Similar behavior is observed when modeling gas production from horizontal wells with short and long fractures in reservoirs with different permeabilities. Larger cumulative gas production is obtained from horizontal wells with longer fractures, and the effect of fracture length on production is more noticeable in tight reservoirs. Horizontal wells drilled in moderate- to high- permeability reservoirs are expected to need the same optimum spacing regardless of fracture properties. This indirectly indicates that MSF horizontal wells in high-permeability reservoirs may not add significant increase to the ultimate gas recovery. Therefore, this conclusion is applicable only under the assumptions of dry gas and a homogeneous reservoir and should not be generalized.
Well-Spacing Optimization
Well Spacing vs. Reservoir Permeability.
The reservoir-permeability values considered were 0.01, 0.1, and 1.0 mD, which represent low- to moderate-permeability reservoirs in Saudi Arabia. Several wellspacing scenarios were modeled for each reservoir-permeability case to determine the optimum one. Simulation results show that closer well spacing or a higher number of wells generally leads to higher production rates, especially at early times, and ultimately to higher total gas production over the course of 20 years of production time. As well spacing becomes smaller, the drainage area for each well becomes smaller and the transient period is shorter. If the boundary is reached before the end of the 20-year production period, well interference occurs.
The relationship between reservoir permeability and well spacing states that the lower the reservoir permeability, the closer the well spacing, in order to drain the reservoir over a specified period of production time
Well Spacing vs. Number of Fractures.
The number of transverse fractures induced in horizontal wells is one of the important factors influencing optimum well spacing in tight gas reservoirs. To find the optimum spacing, two reservoir-permeability scenarios were considered: 0.01 and 0.1 mD.

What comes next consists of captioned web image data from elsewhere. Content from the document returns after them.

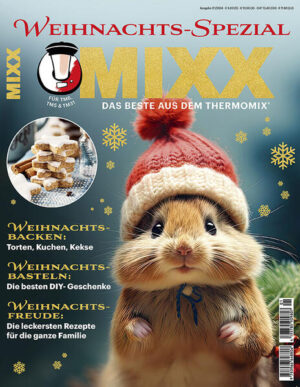 MIXX - Spezial-Ausgabe Weihnachten 2024 - MIXX ist das perfekte Magazin für alle Nutzer des vieltalentierten Küchengeräts Thermomix®: informativ, unterhaltend und im Austausch mit der Thermomix®-Communitiy ging MIXX im November 2015 an den Start und präsentiert seitdem saisonale Rezepte - von der Vorspeise bis zum Dessert - garniert mit praktischem Küchenwerkzeug und schönen Tisch-Accessoires. Auf über 100 Seiten in edler Optik und modernem Layout schaffen Reportagen über renommierte Restaurants, bei denen der Thermomix im Einsatz ist, Tipps von "be-Stern-ten" Küchenchefs und aktuelle Küchentrends Inspiration und Abwechslung für unsere Leser. Weihnachtliches Kochvergnügen mit über 100 Rezepten, festgehalten in tollen Fotos und mit liebevollen Illustrationen. Das perfekte Geschenk zur Advents- und Weihnachtszeit für alle Thermomix®-Fans! Weihnachtsbacken: Torten, Kuchen, Kekse - Weihnachtsbasteln: Die besten DIY-Geschenke - Weihnachtsfreude: Die leckersten Rezepte für die ganze Familie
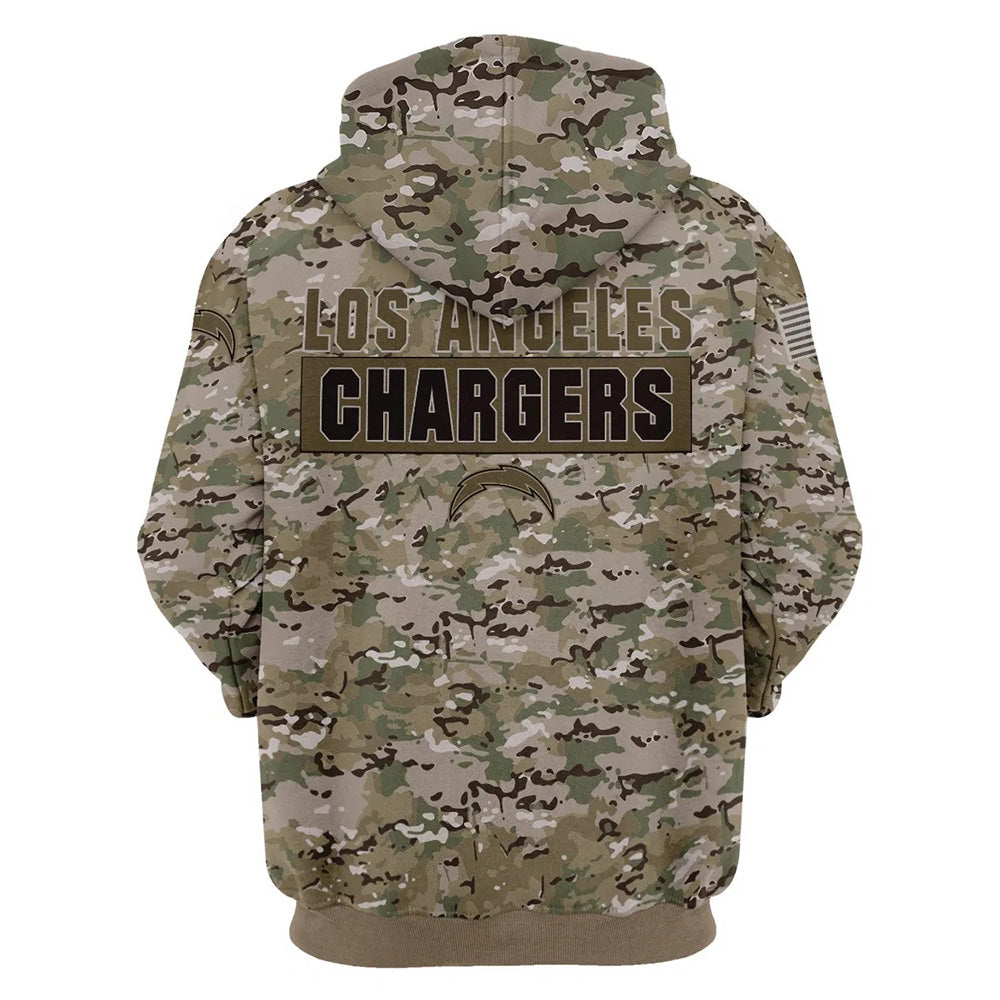 Back view of Los Angeles Chargers Camo Hoodie – Military Style showing bold LOS ANGELES CHARGERS text with team logo and military camouflage pattern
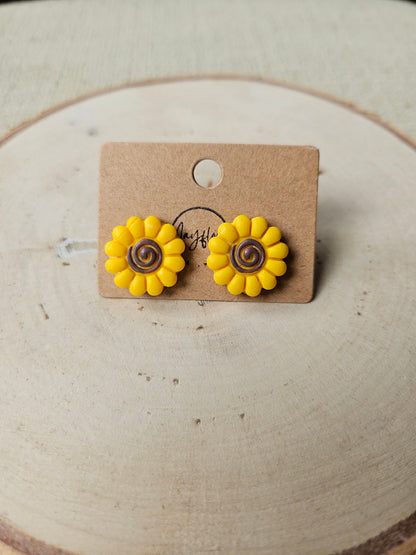 Swirly Sunflower Studs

To avoid flow interference, in 0.01 mD reservoirs, horizontal wells intersecting three transverse fractures need to be 500 m apart, while wells intersecting 12 fractures need to be approximately 700 m apart. As the number of transverse fractures increases, the contact area with the reservoir also increases. That leads to higher production rates, especially at an early time, and faster reservoir depletion. As a result, with more fractures intersecting horizontal wells, fewer wells are needed to drain the reservoir and more distance is needed between the wells.
Well Spacing vs. Fracture Half-Length.
Fracture half-length is another controlling parameter in the well-spacing-optimization study. The well spacing between multistage-fractured horizontal wells is optimized over 20 years of production. Gas production from horizontal wells was modeled in 0.01 and 0.1 mD reservoirs. Because production from 1.0 mD reservoirs is insensitive to fracture properties, higher-permeability reservoirs are not considered here. In addition, fracture spacing of 100, 200, and 300 ft was considered for scenarios of 3, 6, and 12 independent fractures.
As the fracture half-length increases, the horizontal well’s contact area with the reservoir also increases, resulting in higher production rates, increased drainage areas, and larger well spacing. Two interesting conclusions may be drawn here. First, horizontal wells with a reduced number of fractures with shorter half-lengths require reduced well spacing, whereas, with a higher number of longer fractures, a larger spacing between wells is required. Second, the product of fracture half-length and number of fractures is what influences the reservoir contact area, hence the optimum well spacing. This conclusion applies only under the assumption of a homogeneous formation, where fractures have equal contribution to flow.